The outreach programmes had been shut down, memberships of boards and charitable organisations had been resigned, funding had ceased, and all of it over the space of a few weeks.

Geneva sat up abruptly, checked her notes and thought about this. ‘We have reports that a priest named Father McCarthy was a regular visitor to the convent.’

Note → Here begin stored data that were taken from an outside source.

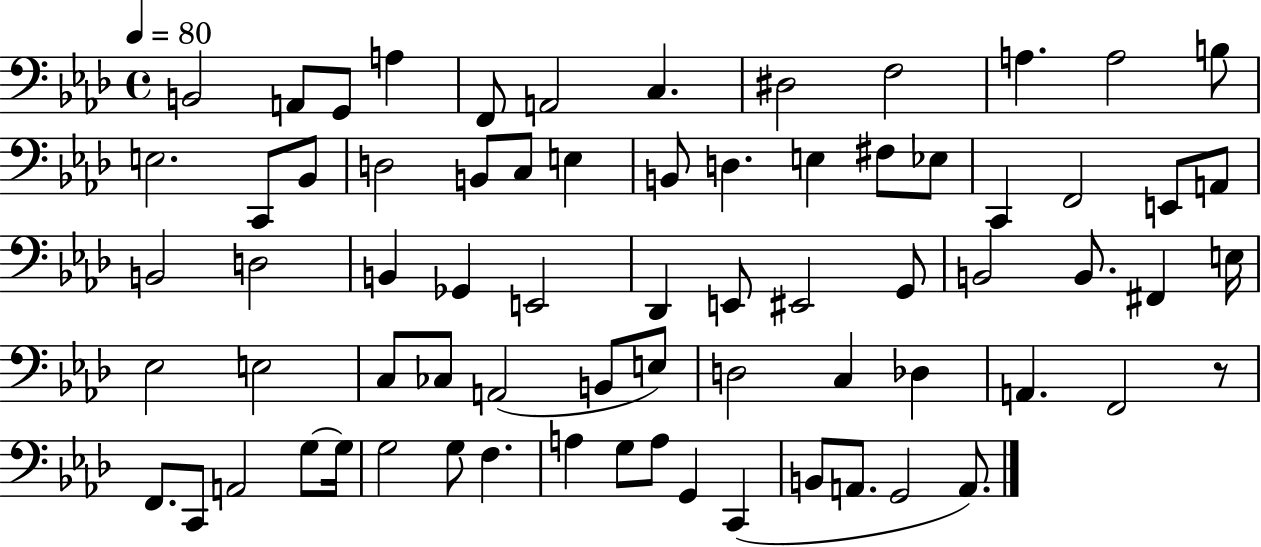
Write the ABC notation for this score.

X:1
T:Untitled
M:4/4
L:1/4
K:Ab
B,,2 A,,/2 G,,/2 A, F,,/2 A,,2 C, ^D,2 F,2 A, A,2 B,/2 E,2 C,,/2 _B,,/2 D,2 B,,/2 C,/2 E, B,,/2 D, E, ^F,/2 _E,/2 C,, F,,2 E,,/2 A,,/2 B,,2 D,2 B,, _G,, E,,2 _D,, E,,/2 ^E,,2 G,,/2 B,,2 B,,/2 ^F,, E,/4 _E,2 E,2 C,/2 _C,/2 A,,2 B,,/2 E,/2 D,2 C, _D, A,, F,,2 z/2 F,,/2 C,,/2 A,,2 G,/2 G,/4 G,2 G,/2 F, A, G,/2 A,/2 G,, C,, B,,/2 A,,/2 G,,2 A,,/2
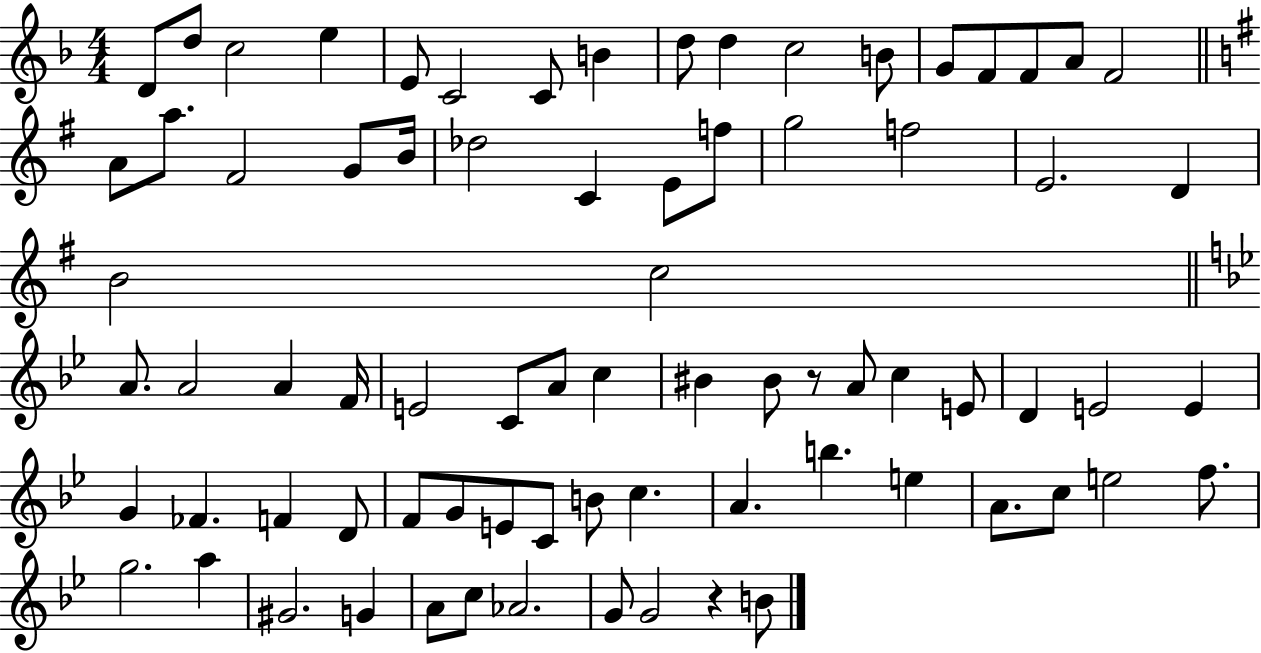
D4/e D5/e C5/h E5/q E4/e C4/h C4/e B4/q D5/e D5/q C5/h B4/e G4/e F4/e F4/e A4/e F4/h A4/e A5/e. F#4/h G4/e B4/s Db5/h C4/q E4/e F5/e G5/h F5/h E4/h. D4/q B4/h C5/h A4/e. A4/h A4/q F4/s E4/h C4/e A4/e C5/q BIS4/q BIS4/e R/e A4/e C5/q E4/e D4/q E4/h E4/q G4/q FES4/q. F4/q D4/e F4/e G4/e E4/e C4/e B4/e C5/q. A4/q. B5/q. E5/q A4/e. C5/e E5/h F5/e. G5/h. A5/q G#4/h. G4/q A4/e C5/e Ab4/h. G4/e G4/h R/q B4/e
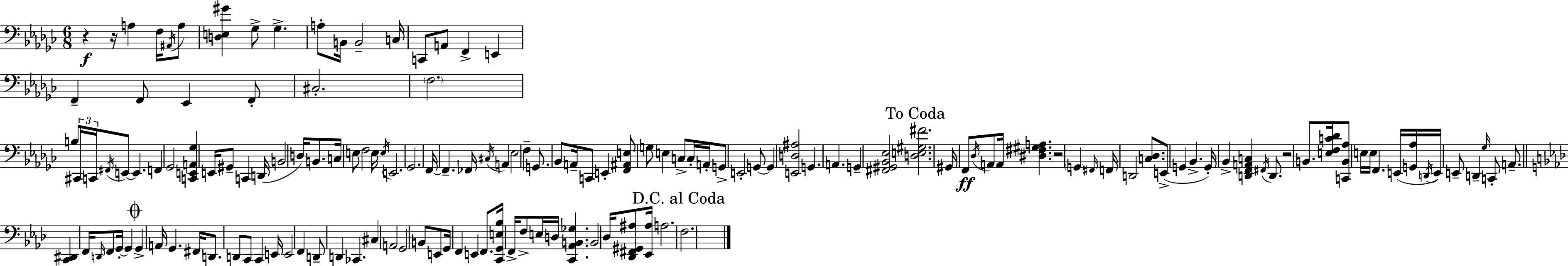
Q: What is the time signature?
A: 6/8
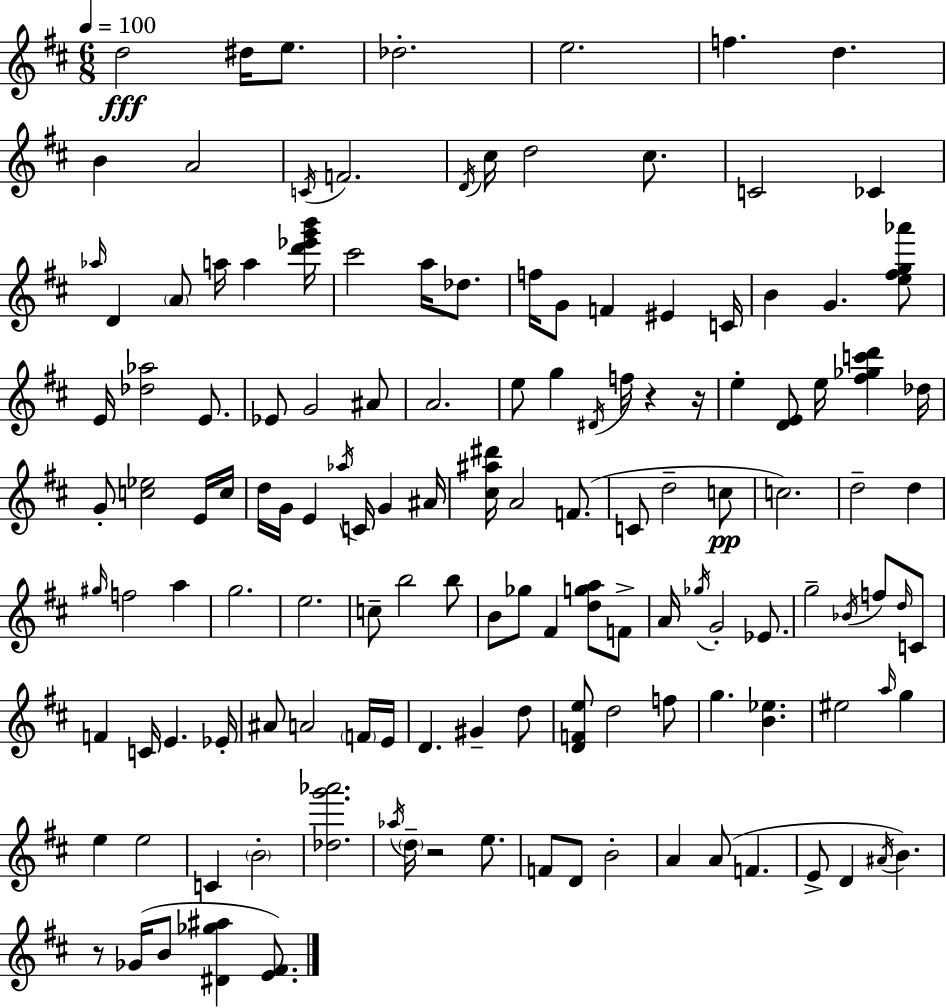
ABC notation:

X:1
T:Untitled
M:6/8
L:1/4
K:D
d2 ^d/4 e/2 _d2 e2 f d B A2 C/4 F2 D/4 ^c/4 d2 ^c/2 C2 _C _a/4 D A/2 a/4 a [d'_e'g'b']/4 ^c'2 a/4 _d/2 f/4 G/2 F ^E C/4 B G [e^fg_a']/2 E/4 [_d_a]2 E/2 _E/2 G2 ^A/2 A2 e/2 g ^D/4 f/4 z z/4 e [DE]/2 e/4 [^f_gc'd'] _d/4 G/2 [c_e]2 E/4 c/4 d/4 G/4 E _a/4 C/4 G ^A/4 [^c^a^d']/4 A2 F/2 C/2 d2 c/2 c2 d2 d ^g/4 f2 a g2 e2 c/2 b2 b/2 B/2 _g/2 ^F [dga]/2 F/2 A/4 _g/4 G2 _E/2 g2 _B/4 f/2 d/4 C/2 F C/4 E _E/4 ^A/2 A2 F/4 E/4 D ^G d/2 [DFe]/2 d2 f/2 g [B_e] ^e2 a/4 g e e2 C B2 [_dg'_a']2 _a/4 d/4 z2 e/2 F/2 D/2 B2 A A/2 F E/2 D ^A/4 B z/2 _G/4 B/2 [^D_g^a] [E^F]/2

Rupert nodded. ‘Each convent has a diocesan priest attached to it. They come almost every day to conduct masses.’ He typed something into his computer, his expression turning into a frown. ‘Father McCarthy was not their diocesan priest, a Father Malone was.’

‘Would it be strange for another priest to visit?’

‘To visit, no. To visit regularly, yes.’

‘Do you have a photo of him? It would be extremely helpful for our inquiries.’

Rupert punched something into the keyboard and swivelled the monitor so that Geneva could see. A black-and-white photo of Father McCarthy took up half the screen. She looked at Father McCarthy’s face but she didn’t look at it for long. There was something unsettling about the priest’s expression, the way his eyes were hard and cold and seemed to stare out of the computer and into her very soul.

‘Can you pull up his file?’

Rupert nodded and started typing. ‘Got it!’ he exclaimed, and then she saw the screen flashing in front of him and the slump of his shoulders.

‘The file’s right there on the mainframe but it’s locked.’

‘Isn’t that normal?’

Rupert shook his head. ‘No, I’ve only seen this before in extremely sensitive cases – child abuse scandals, financial embezzlement, that sort of thing.’